WB midpath: CSet check and RB reversal

Thu Jul 26 09:32:13 UTC 2018

Am 26.07.2018 um 07:48 schrieb Aleksey Shipilev:
> I am looking into the barriers profile, trying to understand where the overhead for the activated
> barriers are coming from. In very CSet-intensive microbenchmarks, it seems that taking the WB
> midpath consumes most of the time. And if we look into the profile, then RB is the hottest thing
> there.
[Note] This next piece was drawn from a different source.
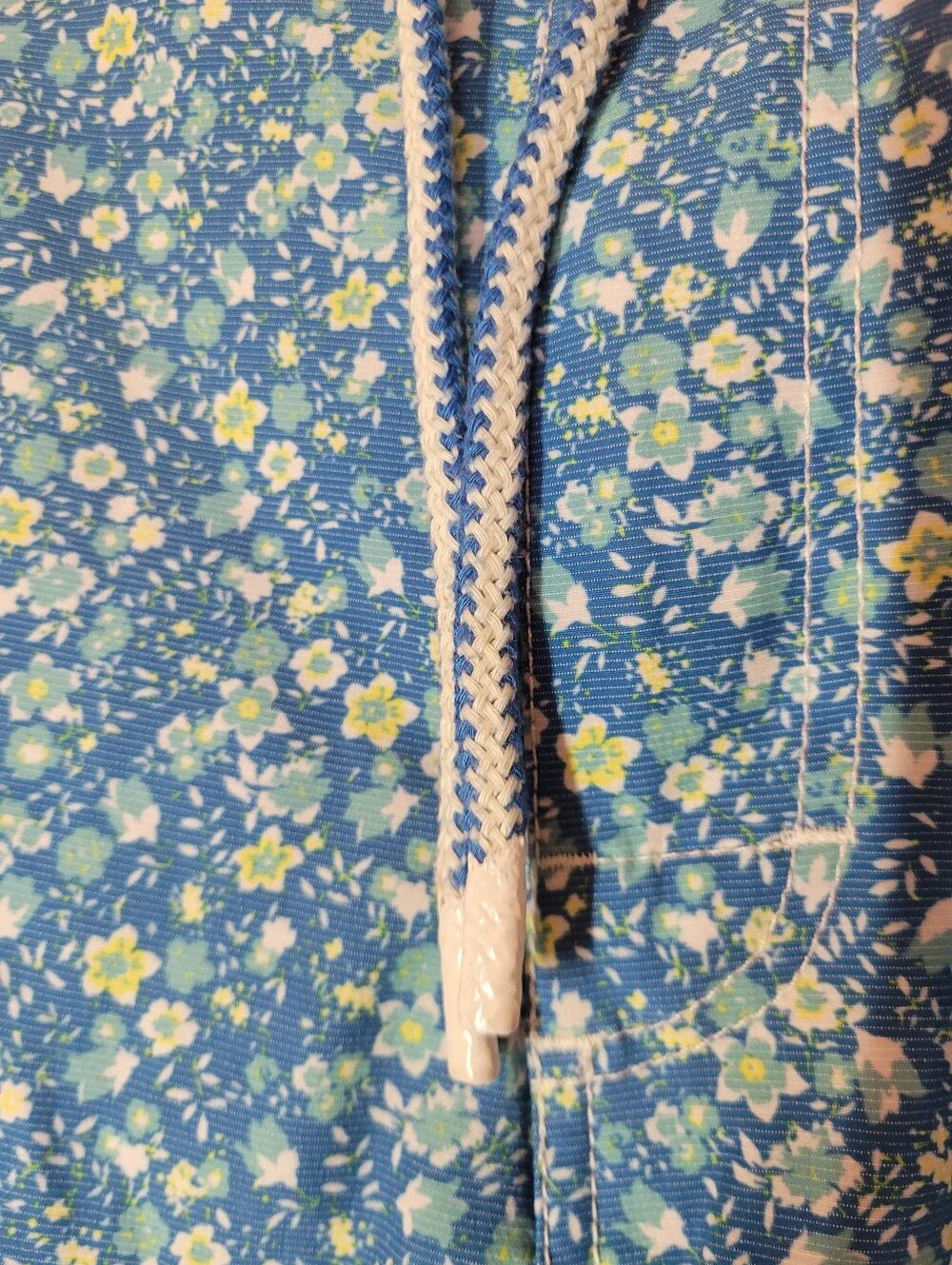 Johnnie-O Men's Tyndall Ripride Blue Floral Swim Trunks Large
I remember from my update-refs experiments that changing the test from "in_cset +
> check_fwdptr" to "check_fwdptr + in_cset" degraded update-refs concurrent performance around 3x.
> 
> In the WB midpath code we do exactly that slow pattern:
> 
>  if (gcstate_bit_set(HAS_FORWARDED)) {
>    o = rb(o)                  // <--- this guy is hot
>    if (gcstate_bit_set(EVAC|TRAVERSAL) {
>      if (in_cset(o)) {
>        o = call shenandoah_wb
>      }
>    }
>  }
> 
> ...maybe we should instead do:
> 
>  if (gcstate_bit_set(HAS_FORWARDED)) {
>    if (in_cset(o)) {          // <--- avoid touching the fwdptr if object cannot be forwarded
>      o = rb(o)
>      if (gcstate_bit_set(EVAC|TRAVERSAL) {
>        if (in_cset(o)) {      // <--- avoid going to slowpath is object is evac'ed already
>          o = call shenandoah_wb
>        }
>      }
>    }
>  }
> 

Notice how this could be simplified for traversal GC:

 if (gcstate_bit_set(HAS_FORWARDED)) { // only 1 phase.
   if (in_cset(o)) {          // <--- avoid touching the fwdptr if
object cannot be forwarded
     o = rb(o)
     if (in_cset(o)) {      // <--- avoid going to slowpath is object is
evac'ed already
       o = call shenandoah_wb
     }
   }
 }

Roman